Source data
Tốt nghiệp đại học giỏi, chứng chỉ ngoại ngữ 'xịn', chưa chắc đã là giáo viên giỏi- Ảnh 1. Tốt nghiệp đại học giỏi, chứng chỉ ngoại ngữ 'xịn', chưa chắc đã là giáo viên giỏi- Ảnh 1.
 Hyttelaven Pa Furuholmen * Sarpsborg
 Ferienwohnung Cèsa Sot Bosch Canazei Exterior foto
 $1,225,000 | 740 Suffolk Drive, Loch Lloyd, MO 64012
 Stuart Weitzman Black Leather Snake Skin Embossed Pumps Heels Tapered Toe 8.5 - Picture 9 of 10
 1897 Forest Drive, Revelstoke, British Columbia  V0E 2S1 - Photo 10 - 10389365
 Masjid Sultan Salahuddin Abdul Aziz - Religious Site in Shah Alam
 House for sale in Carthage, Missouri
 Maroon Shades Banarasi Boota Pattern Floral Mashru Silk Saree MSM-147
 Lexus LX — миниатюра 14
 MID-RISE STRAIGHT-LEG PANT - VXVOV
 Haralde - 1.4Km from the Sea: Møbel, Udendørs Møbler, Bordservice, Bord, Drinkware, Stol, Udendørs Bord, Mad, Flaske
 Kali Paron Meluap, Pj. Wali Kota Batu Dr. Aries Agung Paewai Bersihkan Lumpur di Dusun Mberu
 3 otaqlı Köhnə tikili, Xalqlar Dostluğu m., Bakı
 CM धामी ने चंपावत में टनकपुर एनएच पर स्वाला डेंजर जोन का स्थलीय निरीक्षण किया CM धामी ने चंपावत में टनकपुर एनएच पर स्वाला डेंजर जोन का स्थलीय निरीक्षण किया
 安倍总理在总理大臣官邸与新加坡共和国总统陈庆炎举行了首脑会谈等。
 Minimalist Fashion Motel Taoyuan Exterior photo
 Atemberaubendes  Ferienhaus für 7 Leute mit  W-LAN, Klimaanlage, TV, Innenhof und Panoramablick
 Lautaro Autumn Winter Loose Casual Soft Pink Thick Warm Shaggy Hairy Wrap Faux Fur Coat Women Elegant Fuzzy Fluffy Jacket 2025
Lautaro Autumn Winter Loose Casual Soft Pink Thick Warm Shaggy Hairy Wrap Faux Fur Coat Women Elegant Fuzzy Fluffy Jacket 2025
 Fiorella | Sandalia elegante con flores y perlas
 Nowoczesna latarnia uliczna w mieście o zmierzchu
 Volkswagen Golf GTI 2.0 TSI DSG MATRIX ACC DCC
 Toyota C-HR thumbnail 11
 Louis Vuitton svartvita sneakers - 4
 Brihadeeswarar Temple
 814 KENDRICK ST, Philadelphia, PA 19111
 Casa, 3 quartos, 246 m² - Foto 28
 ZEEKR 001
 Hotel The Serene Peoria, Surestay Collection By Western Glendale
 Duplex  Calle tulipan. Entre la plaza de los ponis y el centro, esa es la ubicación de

### WORK INSTRUCTION
Restate verbatim the first line above and all lines after it through the line containing "Stuart Weitzman Black"; omit the rest.

### WRITTEN ANSWER
Tốt nghiệp đại học giỏi, chứng chỉ ngoại ngữ 'xịn', chưa chắc đã là giáo viên giỏi- Ảnh 1. Tốt nghiệp đại học giỏi, chứng chỉ ngoại ngữ 'xịn', chưa chắc đã là giáo viên giỏi- Ảnh 1.
 Hyttelaven Pa Furuholmen * Sarpsborg
 Ferienwohnung Cèsa Sot Bosch Canazei Exterior foto
 $1,225,000 | 740 Suffolk Drive, Loch Lloyd, MO 64012
 Stuart Weitzman Black Leather Snake Skin Embossed Pumps Heels Tapered Toe 8.5 - Picture 9 of 10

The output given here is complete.